If you have a daily commute, a backup of traffic or road work may delay you, but you’ll eventually reach your destination. Gastroparesis, a digestive condition, can be imagined as a slowed commute through the stomach. But the delay involved can cause uncomfortable symptoms, and may have other health consequences that can affect nutrition and your quality of life. Although gastroparesis affects millions of people worldwide, many people are much more familiar with other gut problems, such as acid reflux and gallstones, that can cause similar symptoms.
What is gastroparesis?
Gastroparesis is a condition that causes delay in the emptying of the stomach. When you swallow food, it travels through your mouth and into a long tube called the esophagus before entering your stomach. Your stomach serves two separate functions: The first is to relax to accommodate food and liquid until you feel full. The second is to churn the food and liquid into a slurry that then passes into your small intestine to be digested. When either function is disturbed, slower-than-normal emptying occurs.
What are the symptoms of gastroparesis?
Nausea and vomiting are two of the most common symptoms of gastroparesis, most likely stemming from the sluggish emptying of the stomach. Typically, these symptoms occur toward the end of meals or soon after meals are finished. A third common symptom is abdominal pain caused by a combination of motor nerve and sensory nervedysfunction. When motor nerves aren’t working properly, food and liquid can be detained in the stomach. When sensorynerves aren’t working well, signals between the gut and the brain are not communicated effectively, which can cause pain, nausea, and vomiting.
A growing body of evidence suggests that gastroparesis overlaps with a disorder of gut-brain interaction called functional dyspepsia, which is recurring indigestion that has no apparent cause. Other health problems can cause similar symptoms as gastroparesis, such as gastric outlet obstruction and cyclic vomiting syndrome, or even conditions beyond the gut, such as glandular disorders. So it’s important to discuss any symptoms that are bothering you with your doctor to get the correct diagnosis.
Who is more likely to experience gastroparesis?
Many misconceptions exist about the typical person with gastroparesis. For example, it’s not true that people must have diabetes to have gastroparesis: only 25% of people with gastroparesis have diabetes.
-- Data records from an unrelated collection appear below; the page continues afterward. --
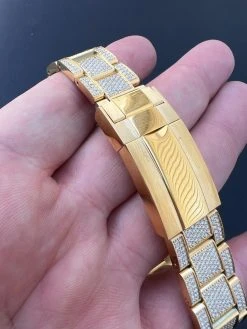 16ct MOISSANITE Mens 14k Gold Over Stainless Watch Honeycomb Iced Arabic Dial 39 16ct MOISSANITE Mens 14k Gold Over Stainless Watch Honeycomb Iced Arabic Dial -Harlem Bling Shop hip hop 16ct moissanite mens 14k gold over stainless watch honeycomb iced arabic dial 93293.1671639749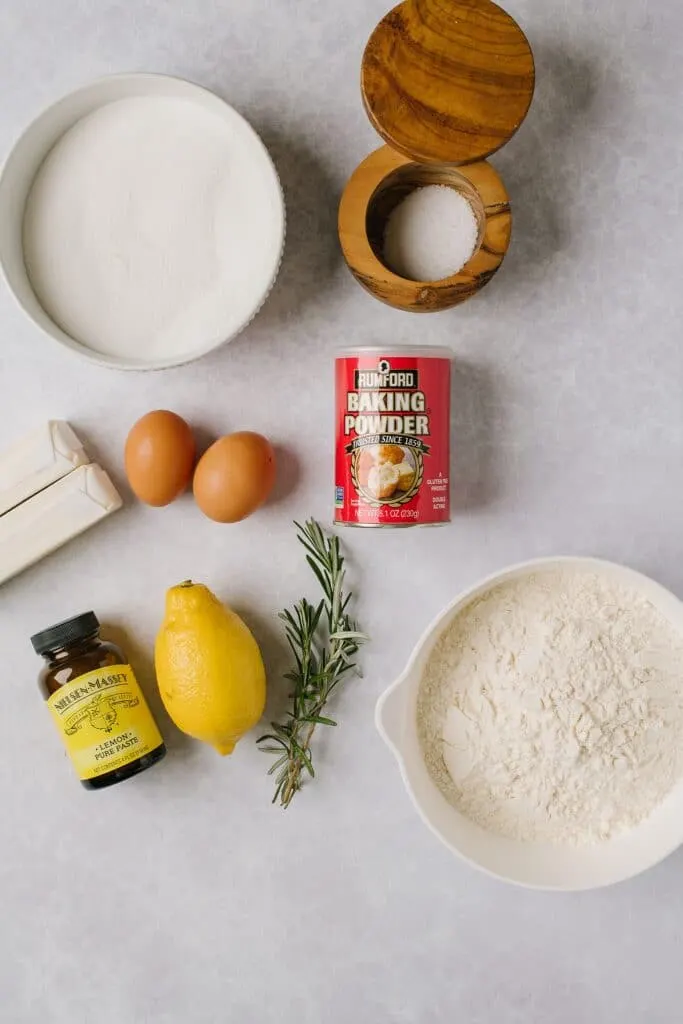 The ingredients for lemon rosemary cut out cookies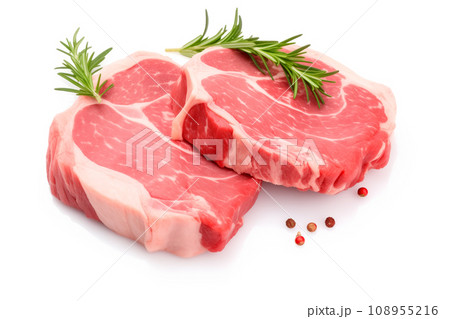 Raw veal beef meat steaks like chateau mignon, t-bonnet, tomahawk, striploin, tenderloin, tenderloin, new york steak. 108955216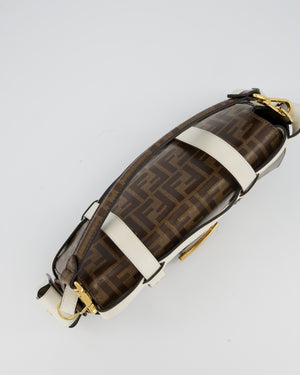 Fendi Zucca Glazed Fabric Baguette Cage bag in Brown and White with Gold Hardware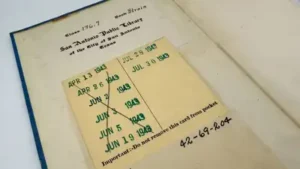 Which announced the unusual return in August 2025, the book was checked out in July 1943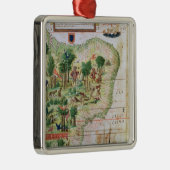「ミラー地図書からのブラジル メタルオーナメント (右)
Most commonly, no clear cause for gastroparesis can be found among people who have the condition.
Additionally, people are more likely to experience gastroparesis if they
- take certain medicines, such as opiate pain medications and some medications for diabetes
- have had surgeries, radiation, or connective tissue disorders that affect the function of the nerves of the gut
- are female, because women are several times more likely than men to have gastroparesis.
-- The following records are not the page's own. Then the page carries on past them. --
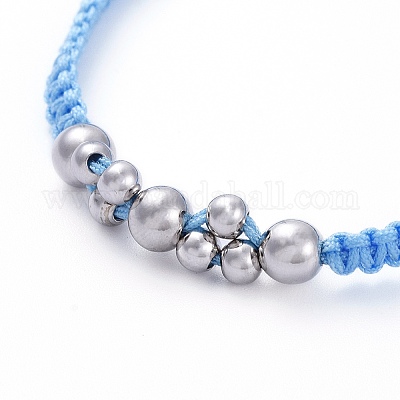 Регулируемые нейлоновые нити плетеные браслеты из бисера BJEW-JB05289-02-1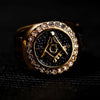 Gold Plated Cross Stainless Steel Masonic Knights Templar Signet Ring for Men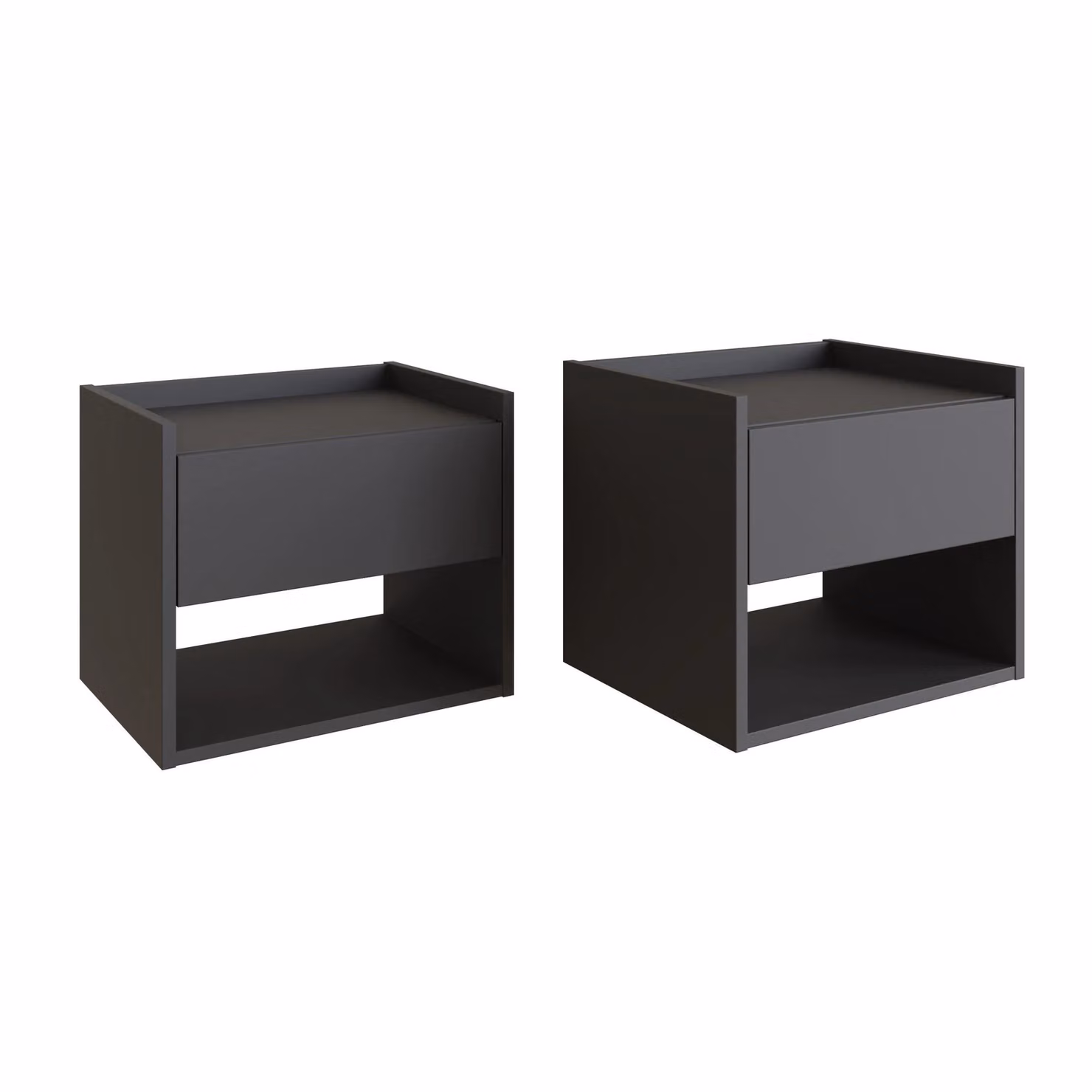 GFW Harmony Pair of Wall Mounted Bedside Tables in Anthracite, Grey or Black – 2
Thus far, there is limited information on health disparities among people with gastroparesis, although one study shows that diabetes is more likely to be the cause of gastroparesis among Black and Hispanic patients than white patients. It’s not yet clear why, although socioeconomic inequities that affect health outcomes may be a factor (as is true for many other conditions).
How is it diagnosed?
Diagnosing gastroparesis and deciding on the best treatment strategy requires a careful patient history, blood tests, imaging tests, and sometimes endoscopy. Usually, people first discuss their symptoms with a primary care doctor who can rule out some possible causes and refer them to a specialist to discuss next steps, such as imaging or endoscopy, if necessary.
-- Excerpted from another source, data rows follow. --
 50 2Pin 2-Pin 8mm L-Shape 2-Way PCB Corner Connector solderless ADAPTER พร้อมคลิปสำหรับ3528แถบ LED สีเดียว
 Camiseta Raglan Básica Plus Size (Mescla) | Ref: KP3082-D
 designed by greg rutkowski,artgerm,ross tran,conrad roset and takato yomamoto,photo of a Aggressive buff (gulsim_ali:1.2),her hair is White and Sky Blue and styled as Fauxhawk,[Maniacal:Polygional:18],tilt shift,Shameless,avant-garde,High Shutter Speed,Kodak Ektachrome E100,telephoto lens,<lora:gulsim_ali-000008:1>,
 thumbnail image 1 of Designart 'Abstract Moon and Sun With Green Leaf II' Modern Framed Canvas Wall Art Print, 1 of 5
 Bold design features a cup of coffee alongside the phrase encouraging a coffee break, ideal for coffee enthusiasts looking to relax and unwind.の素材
A common imaging test used in the US is called a gastric emptying scan, which takes four to five hours. The person having the test eats a standardized meal, such as an egg sandwich, that contains safe levels of medical-grade radiation. At certain intervals, images are taken to see how much of the meal remains in the stomach. During normal digestion, about 90% of the stomach is emptied within four hours and 10% is left behind; more than this amount remaining meets a key criterion for gastroparesis.
It’s worth noting that the exact amount of stomach emptying in four hours may fluctuate and may be influenced by other health factors, such as uncontrolled blood sugar, or certain medications, particularly opiate pain medicines.
How is gastroparesis treated?
The main goal of treatment is to address the symptom that bothers you the most. Depending on your diagnosis and symptoms, treatment might involve one or more of the following:
- Medications. Erythromycin and metoclopramide speed up emptying the stomach. A newer medicine called prucalopride may have the same effect. Other medications, particularly for people who are finding pain and nausea more problematic, target disordered gut-brain interaction using neuromodulators, such as older forms of antidepressants and neuropathy medications. These medicines may improve sensation of the gastrointestinal tract.
- Procedures and surgeries. A gastroenterologist may suggest different endoscopy techniques that improve stomach emptying by disrupting a valve between the stomach and the small intestine called the pylorus. One approach, called a per-oral pyloroplasty, does not require surgery. A surgical approach called laparoscopic pyloroplasty reshapes the muscle of the valve between the stomach and small intestine to help the stomach empty more quickly. Less often, surgically implanting a gastric stimulator to help improve the signaling between gut and brain may be considered.
If you have gastroparesis, be sure to discuss all these treatment options to see which one is best for you.